## TASK DIRECTIONS
The result should be the lines from the one that contains "kate quinn neutral" to the final line of the entries below, copied exactly and with no pictures.

Image-caption web data
== == ==

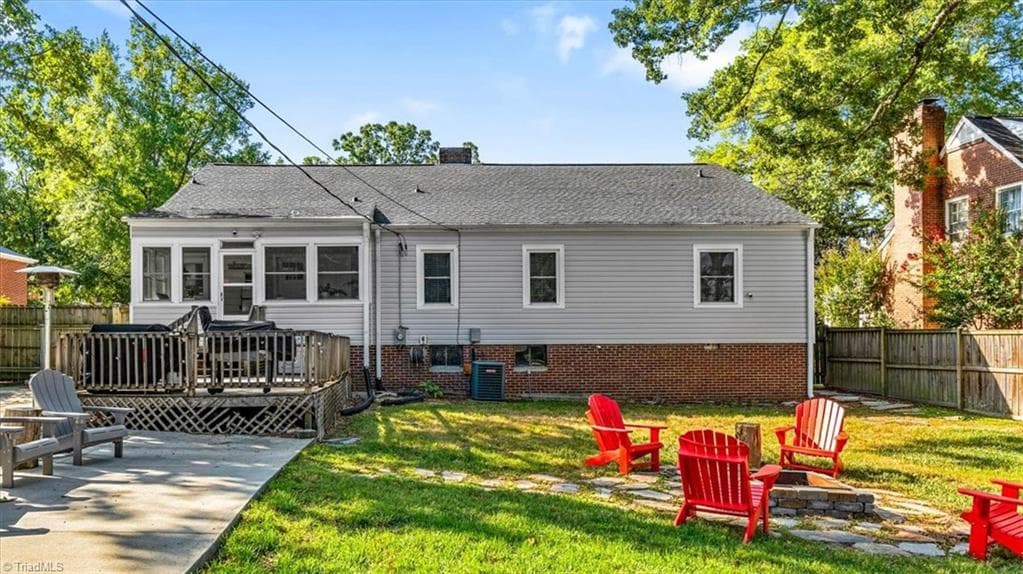 Stick/Site Built at 816 Ferndale Boulevard, High Point NC 27262, photo 33 of 40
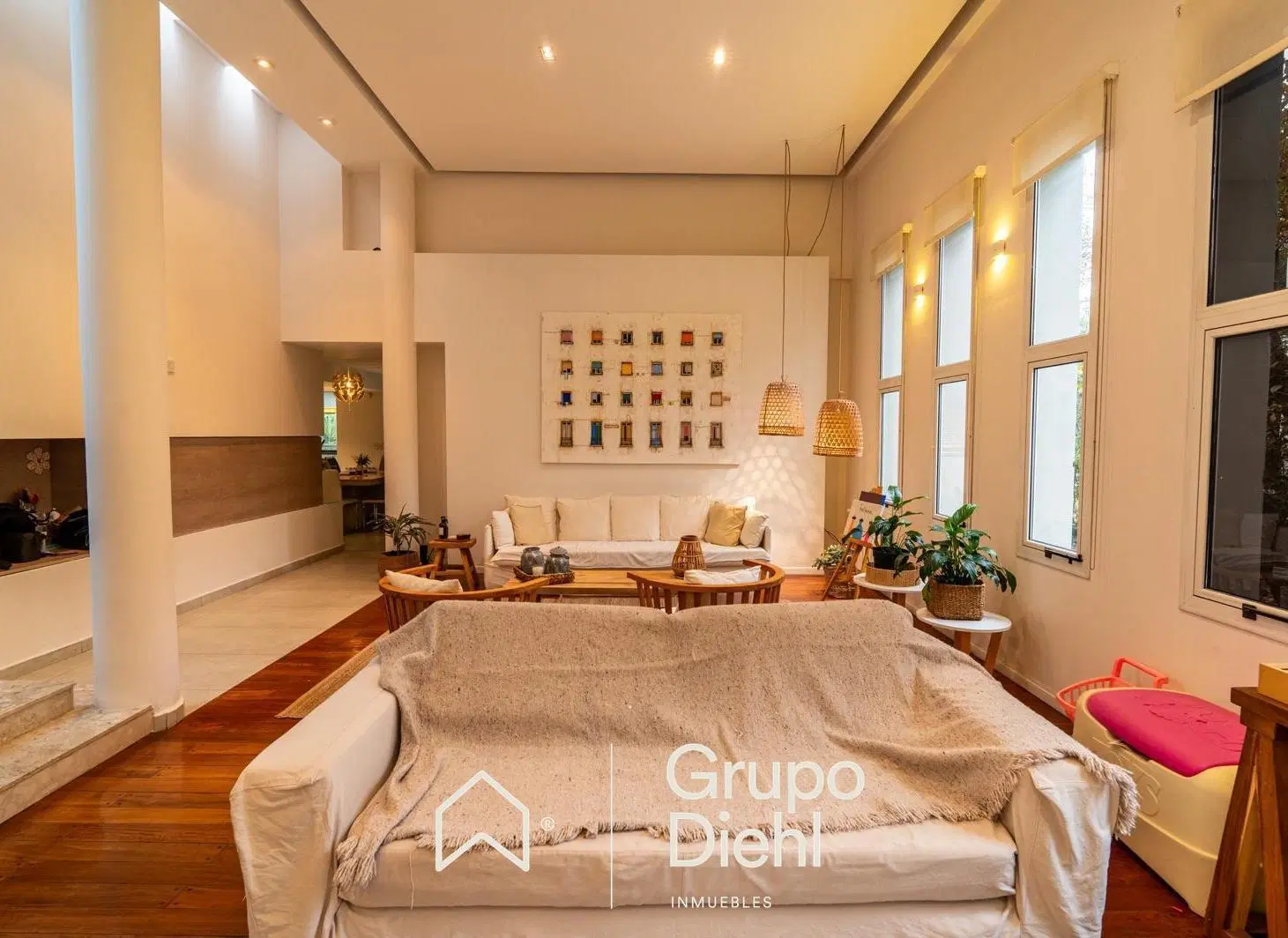 Central, Funcional y Moderna EN VENTA en Lomas de La Carolina 5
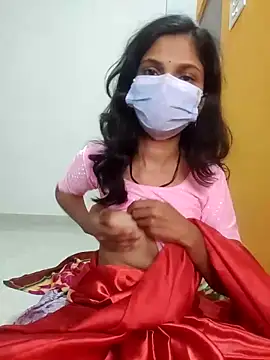 Snapshot of Shivani2002 chatting on 19, 11, 2025 Shivani2002 online show from 19, 11, 2025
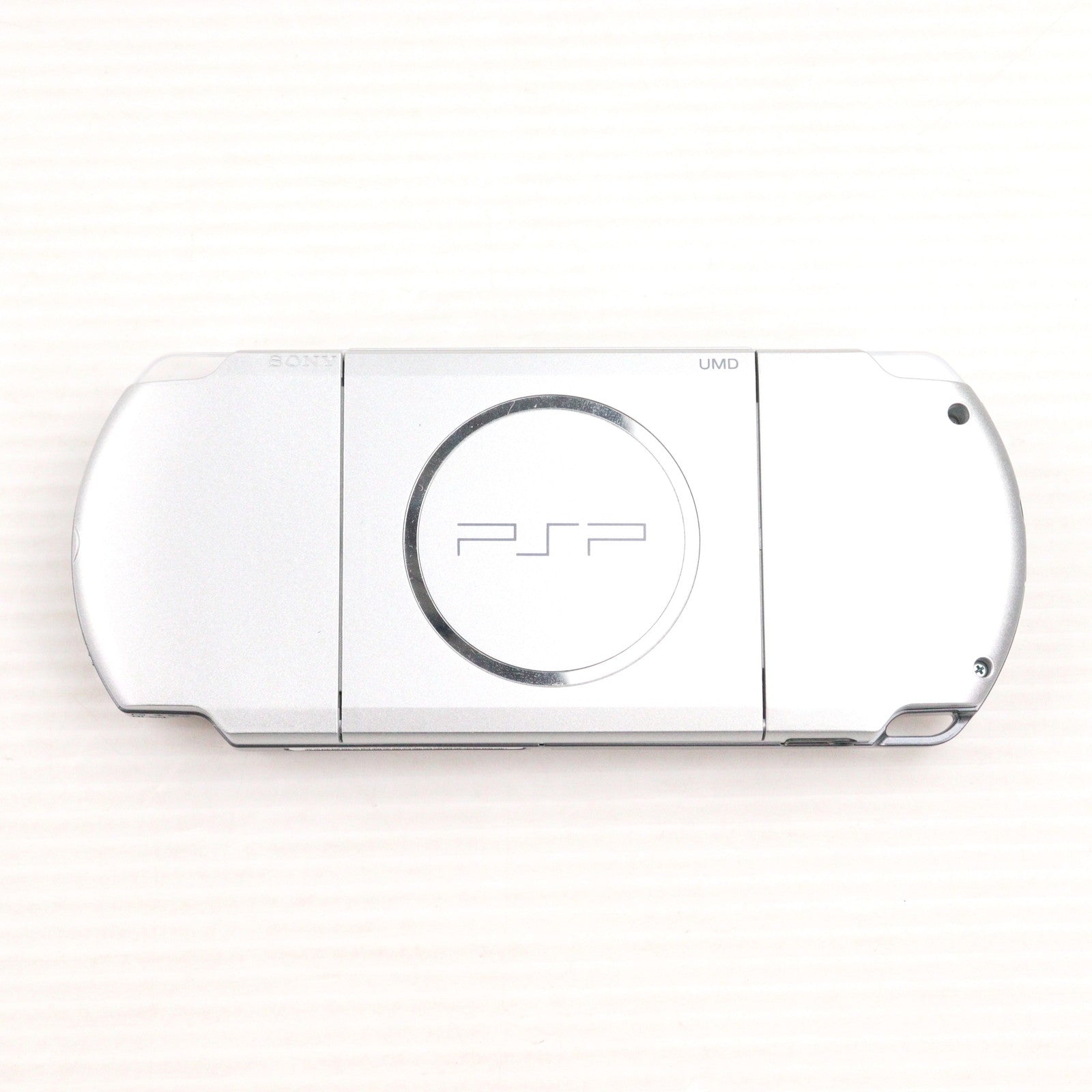 【中古即納】[PSP] (本体) PlayStation Portable(プレイステーション・ポータブル) ミスティック・シルバー SCE(PSP-3000MS)(20081016)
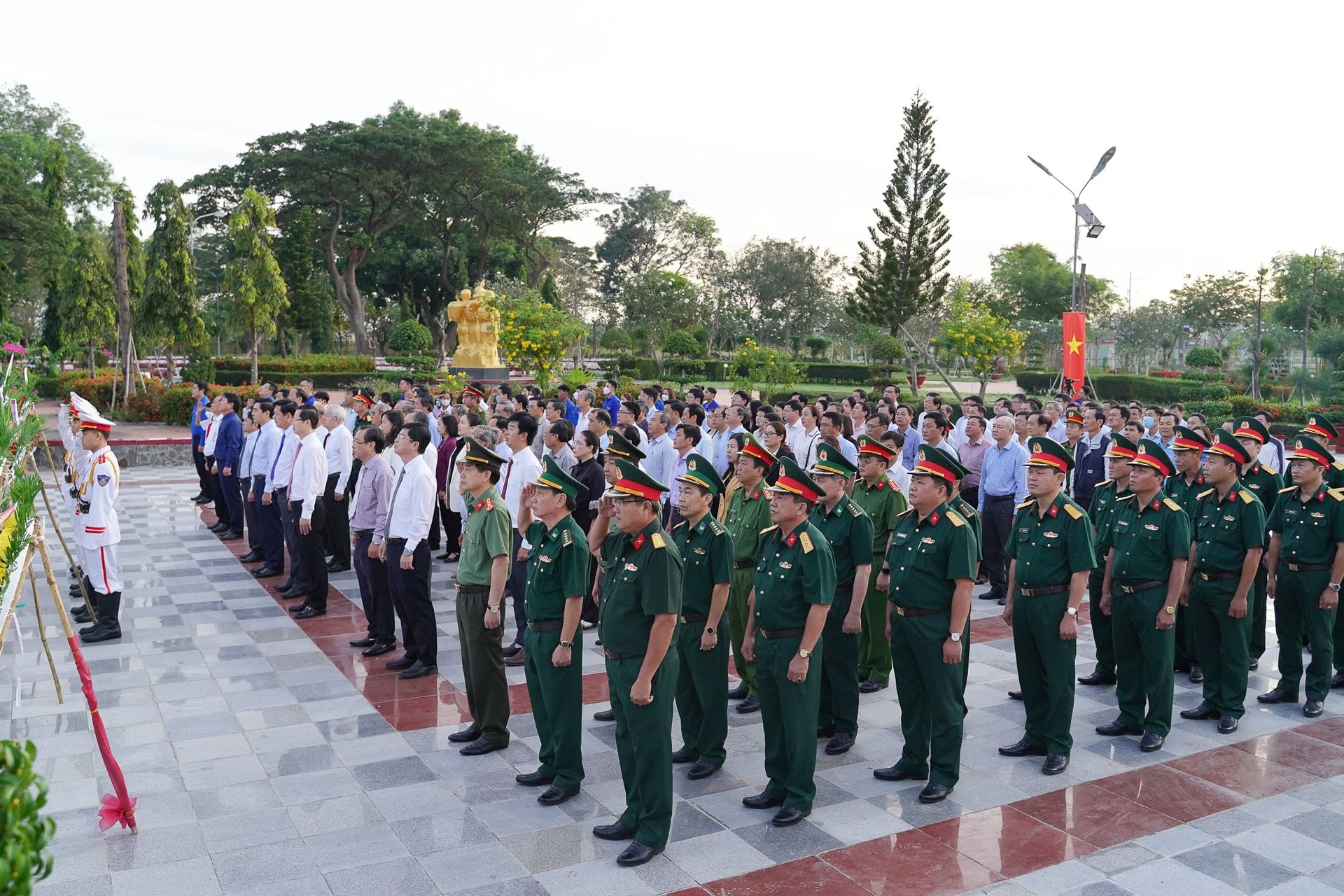 Provincial leaders visited Martyrs Cemetery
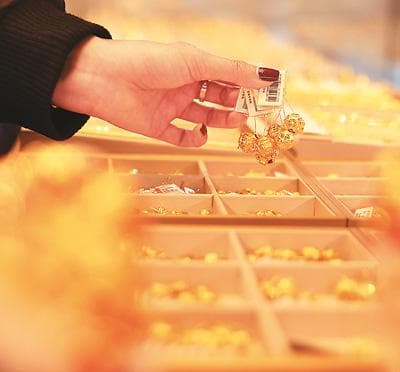 全球金价为何屡创新高？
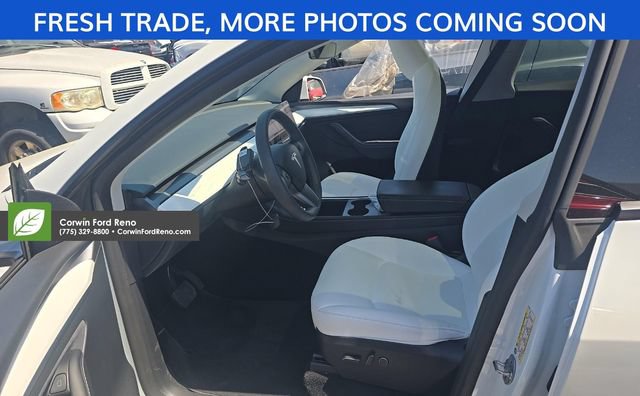 Used 2024 Tesla Model Y Long Range AWD/4WD image 8
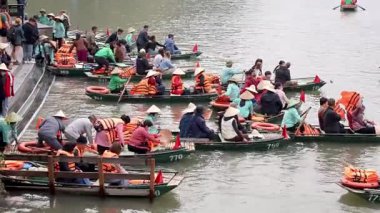 Vietnam 'da nehirde kürek çeken turistler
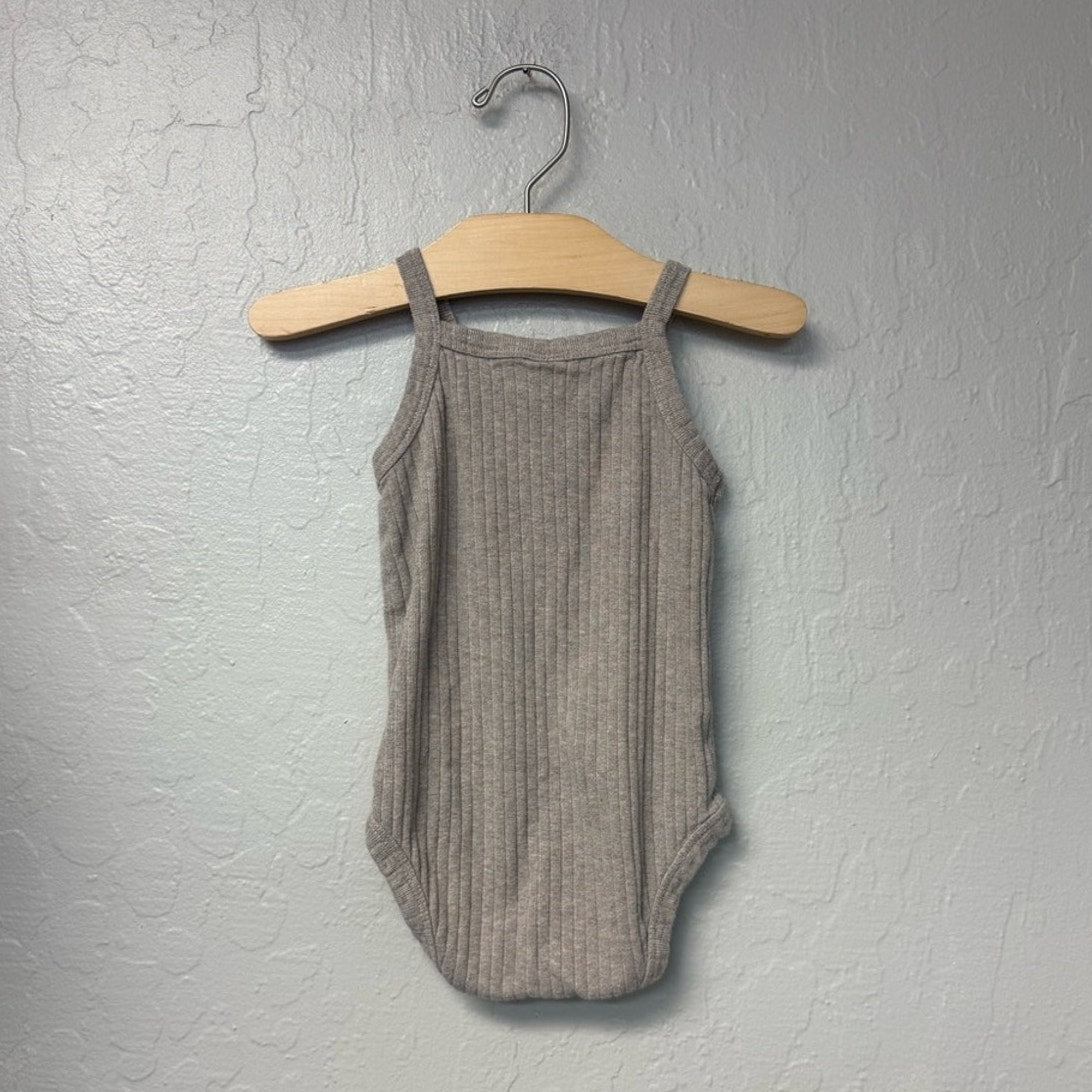 kate quinn neutral organic cotton singlet 6-12M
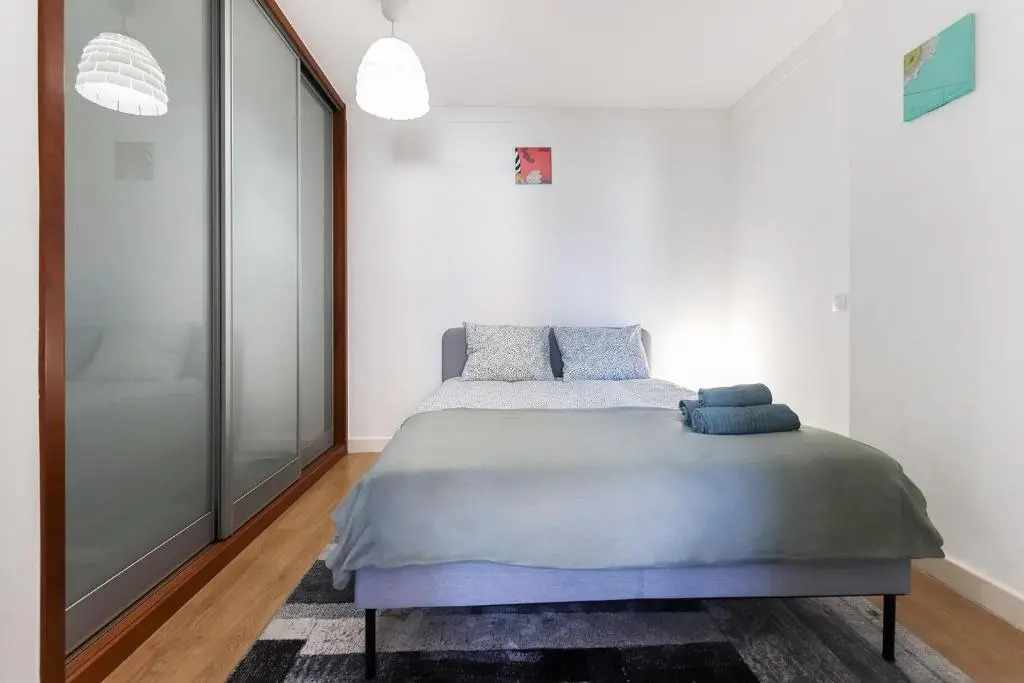 Lisbon Flower 360º - Your Lovely Flat with Pool and Parking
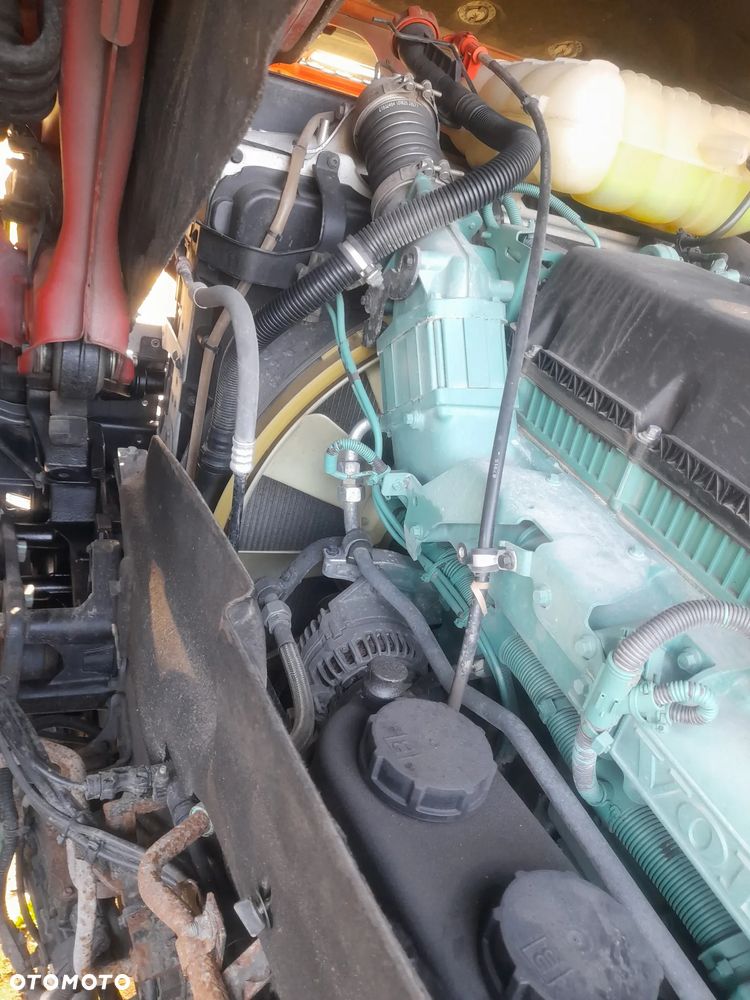 Volvo FH 16 650koni 6x2 OŚ SKRĘTNA PODNOSZONA // JEDYNY TAKI// RAMA DO ZABUDOWY// HDS dzwig żuraw do lasu drewna tarcicy // DO ŻYWCA// asenizacyjny// HOLOWNIK// FULL opcja ze SZWAJCARI - 9
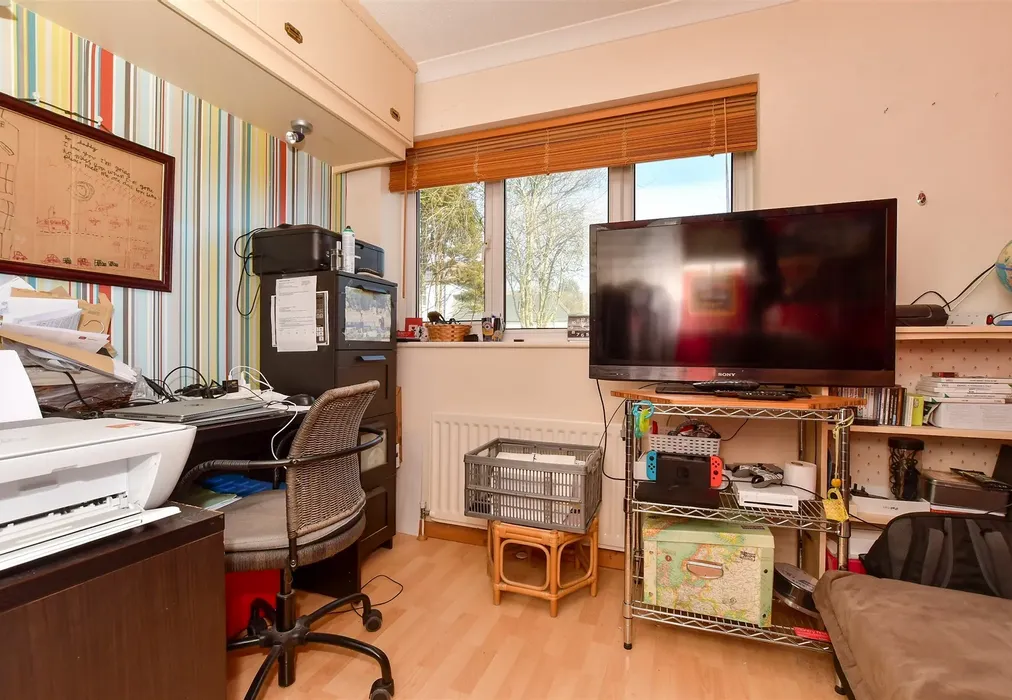 Bedroom 4 - Lower Street, Tilmanstone, Deal, Kent - Wards of Kent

== == ==

## REPLY
 kate quinn neutral organic cotton singlet 6-12M
 Lisbon Flower 360º - Your Lovely Flat with Pool and Parking
 Volvo FH 16 650koni 6x2 OŚ SKRĘTNA PODNOSZONA // JEDYNY TAKI// RAMA DO ZABUDOWY// HDS dzwig żuraw do lasu drewna tarcicy // DO ŻYWCA// asenizacyjny// HOLOWNIK// FULL opcja ze SZWAJCARI - 9
 Bedroom 4 - Lower Street, Tilmanstone, Deal, Kent - Wards of Kent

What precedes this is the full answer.